■ Items listed in a dataset ■
[Start of Attachment]

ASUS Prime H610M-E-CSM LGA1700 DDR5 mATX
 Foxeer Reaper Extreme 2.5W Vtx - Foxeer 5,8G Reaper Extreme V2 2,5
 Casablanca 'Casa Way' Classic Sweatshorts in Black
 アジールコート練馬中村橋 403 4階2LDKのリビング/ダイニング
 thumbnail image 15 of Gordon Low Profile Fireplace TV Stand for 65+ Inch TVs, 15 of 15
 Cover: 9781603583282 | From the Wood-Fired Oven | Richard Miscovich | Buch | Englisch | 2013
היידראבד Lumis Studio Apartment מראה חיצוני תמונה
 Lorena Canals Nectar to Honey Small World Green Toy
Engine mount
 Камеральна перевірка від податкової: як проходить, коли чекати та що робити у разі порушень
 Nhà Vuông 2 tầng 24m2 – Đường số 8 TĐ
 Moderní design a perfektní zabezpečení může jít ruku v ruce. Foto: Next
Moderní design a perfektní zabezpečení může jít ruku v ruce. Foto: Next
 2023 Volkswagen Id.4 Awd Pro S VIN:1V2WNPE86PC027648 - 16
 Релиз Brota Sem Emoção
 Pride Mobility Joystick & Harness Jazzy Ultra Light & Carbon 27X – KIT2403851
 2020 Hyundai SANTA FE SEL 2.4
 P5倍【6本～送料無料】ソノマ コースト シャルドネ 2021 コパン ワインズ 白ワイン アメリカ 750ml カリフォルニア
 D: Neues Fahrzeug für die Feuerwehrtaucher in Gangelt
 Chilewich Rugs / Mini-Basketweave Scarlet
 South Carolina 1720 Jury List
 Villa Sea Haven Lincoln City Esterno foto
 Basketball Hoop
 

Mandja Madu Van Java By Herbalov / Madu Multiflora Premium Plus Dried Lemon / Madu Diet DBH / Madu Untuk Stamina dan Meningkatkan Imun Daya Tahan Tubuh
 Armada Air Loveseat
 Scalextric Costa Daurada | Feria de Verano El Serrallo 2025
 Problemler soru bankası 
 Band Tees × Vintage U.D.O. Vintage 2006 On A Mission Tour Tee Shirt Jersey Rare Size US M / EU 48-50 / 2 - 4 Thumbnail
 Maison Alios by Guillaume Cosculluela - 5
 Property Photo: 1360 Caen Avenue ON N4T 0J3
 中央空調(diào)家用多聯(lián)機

[End of Attachment]

■ Your task ■
Return exactly the lines from the line holding "Basketball Hoop" to the last line of the data, with both of those lines included and nothing added.

■ Output of the task ■
 Basketball Hoop
 

Mandja Madu Van Java By Herbalov / Madu Multiflora Premium Plus Dried Lemon / Madu Diet DBH / Madu Untuk Stamina dan Meningkatkan Imun Daya Tahan Tubuh
 Armada Air Loveseat
 Scalextric Costa Daurada | Feria de Verano El Serrallo 2025
 Problemler soru bankası 
 Band Tees × Vintage U.D.O. Vintage 2006 On A Mission Tour Tee Shirt Jersey Rare Size US M / EU 48-50 / 2 - 4 Thumbnail
 Maison Alios by Guillaume Cosculluela - 5
 Property Photo: 1360 Caen Avenue ON N4T 0J3
 中央空調(diào)家用多聯(lián)機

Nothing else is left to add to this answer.